Wu-Chung Hsiang (born 12 June 1935 in Zhejiang) is a Chinese-American mathematician, specializing in topology.

Hsiang received in 1957 his bachelor's degree from the National Taiwan University and in 1963 his Ph.D. under Norman Steenrod from Princeton University with thesis Obstructions to sectioning fibre bundles. At Yale University he became in 1962 a lecturer, in 1963 an assistant professor, and in 1968 a full professor. At Princeton University he was a full professor from 1972 until retiring in 2006 as professor emeritus and was the department chair from 1982 to 1985. He was a visiting scholar at the Institute for Advanced Study for the academic years 1965–1966, 1971–1972, and 1979–1980. He was a visiting professor at the University of Warwick in 1966, the University of Amsterdam in 1969, the University of Bonn in 1971, the University of California, Berkeley in 1976, and MSRI and Stanford University in 1980.
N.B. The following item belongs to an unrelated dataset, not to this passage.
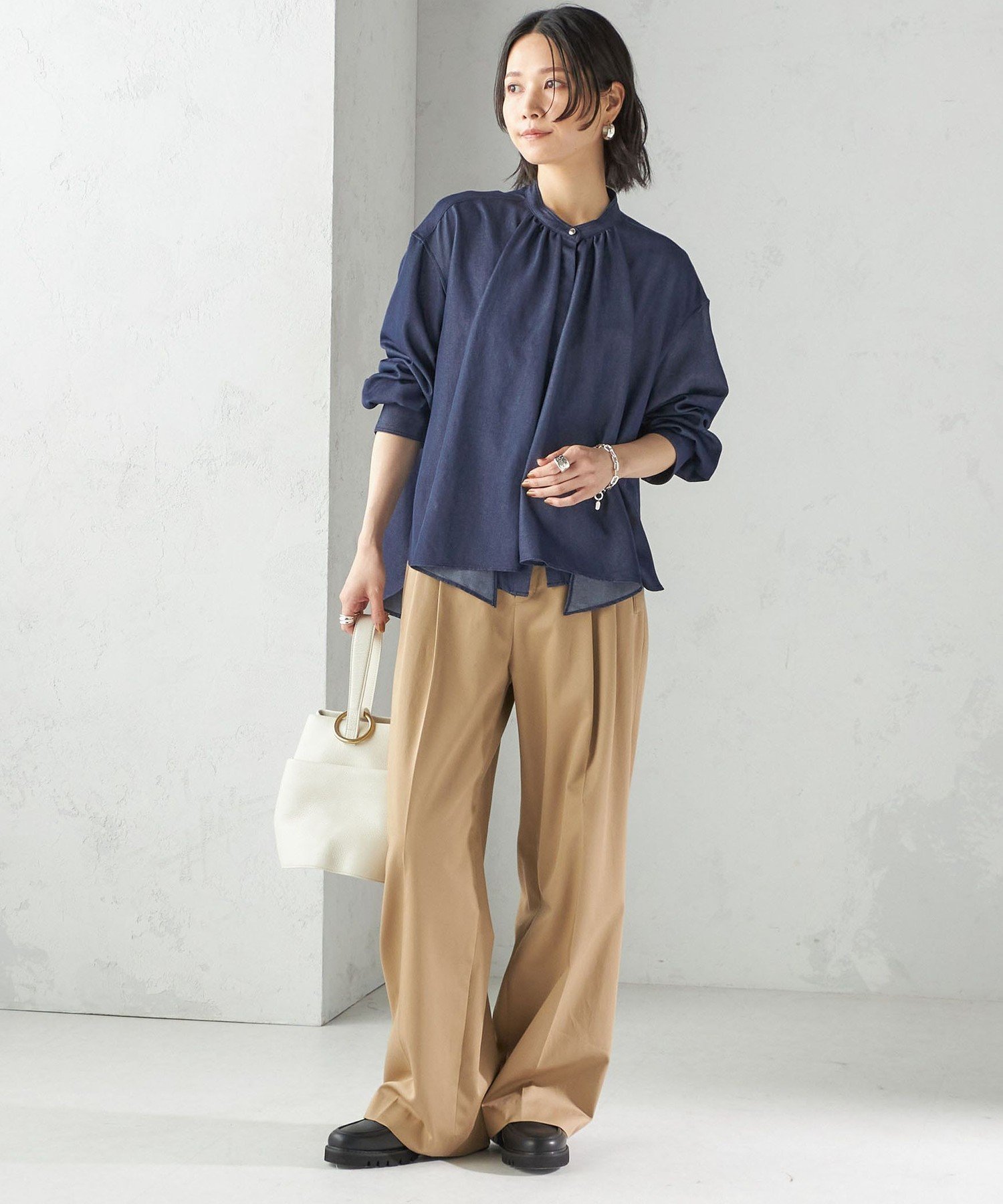 【SALE／40%OFF】SHIPS WOMEN ＜手洗い可能＞デニム ライク リボン タイ ブラウス シップス トップス シャツ・ブラウス ネイビー【送料無料】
Hsiang has made important contributions to algebraic and differential topology. Works by Hsiang, Julius Shaneson, C. T. C. Wall, Robion Kirby, Laurent Siebenmann and Andrew Casson lead in the 1960s to the proof of the annulus theorem (previously known as the annulus conjecture). The annulus theorem is important in the theory of triangulation of manifolds.

With F. Thomas Farrell he worked on a program to prove the Novikov conjecture and the Borel conjecture with methods from geometric topology and gave proofs for special cases. For example, they gave a proof of the integral Novikof conjecture for compact Riemannian manifolds with non-positive sectional curvature.